Гном подскочил, исчез из поля моего зрения, тут же послышался плеск воды. В следующую секунду у моего носа услужливо покачивался, роняя крупные капли, огромный потемневший деревянный ковш, до верху наполненный мутноватой, но желанной живительной жидкостью.

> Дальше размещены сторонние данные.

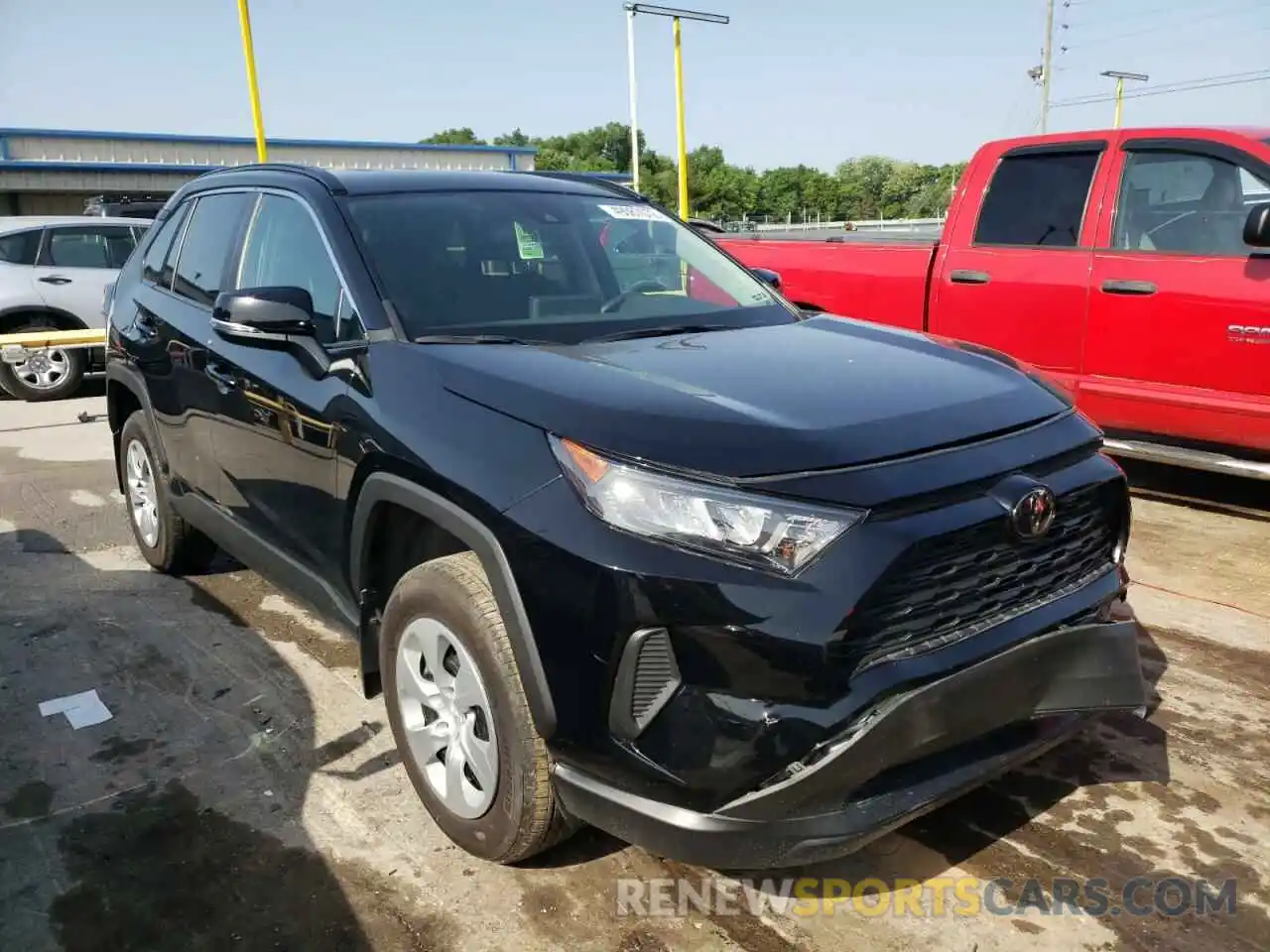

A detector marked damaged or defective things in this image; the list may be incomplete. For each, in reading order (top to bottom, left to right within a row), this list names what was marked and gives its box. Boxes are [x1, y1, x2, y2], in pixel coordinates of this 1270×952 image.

damaged front bumper [551, 622, 1148, 878]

Хоть и драла горло немилосердная жажда, но я едва смог осилить треть ковша. Отдышавшись, я повалился обратно на шконку, прислушиваясь к внутренним ощущениям и с удивлением замечая, что стало немного получше, во всяком случае, было уже не так муторно, и я мог спокойно полежать с закрытыми глазами, не боясь выблевать на себя переваренное содержимое собственного желудка.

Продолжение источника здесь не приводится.